On December 1, 2006, ICT Group, Inc. (the “Company”) issued a press release announcing that it had acquired Proyectar Connect S.A. (“Proyectar”), an Argentina-based customer management services company with headquarters in Buenos Aires. A copy of the press release is furnished herewith as Exhibit 99 and incorporated herein by reference.
The Company anticipates that Proyectar will generate approximately US $10,000,000 in revenue for calendar 2007 and will generate net income that will be modestly accretive to the Company’s earnings per share for 2007. The Company anticipates that Proyectar will contribute less than $1,000,000 in revenue to the Company’s fourth quarter of 2006 and that anticipated costs and expenses associated with the transaction may result in a slight dilution of the Company’s earnings per share for the fourth quarter of 2006.
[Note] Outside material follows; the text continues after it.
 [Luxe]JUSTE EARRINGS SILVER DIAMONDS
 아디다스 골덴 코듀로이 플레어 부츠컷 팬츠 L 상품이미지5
The statements concerning anticipated revenues, earnings, costs and expenses associated with the Proyectar transaction set forth above are forward-looking statements that involve assumptions and are subject to substantial risks and uncertainties. These forward-looking statements speak only as of the date the statement is made and the Company assumes no obligation to update any such forward-looking statements. For such statements, the Company claims the protection of the safe harbor for forward-looking statements contained in the Private Securities Litigation Reform Act of 1995. Actual events or results of operations and the financial condition of the Company may differ materially from those discussed in the forward-looking statements as a result of various factors, including without limitation, those discussed in ICT GROUP’s annual report on Form 10-K for the year ended December 31, 2005, and other documents, such as reports on Form 8-K and reports on Form 10-Q filed by ICT GROUP with the Securities and Exchange Commission. Although ICT GROUP believes that the expectations reflected in such forward-looking statements are reasonable, there can be no assurance that such expectations will prove to be correct and the Company undertakes no obligation to update such expectations.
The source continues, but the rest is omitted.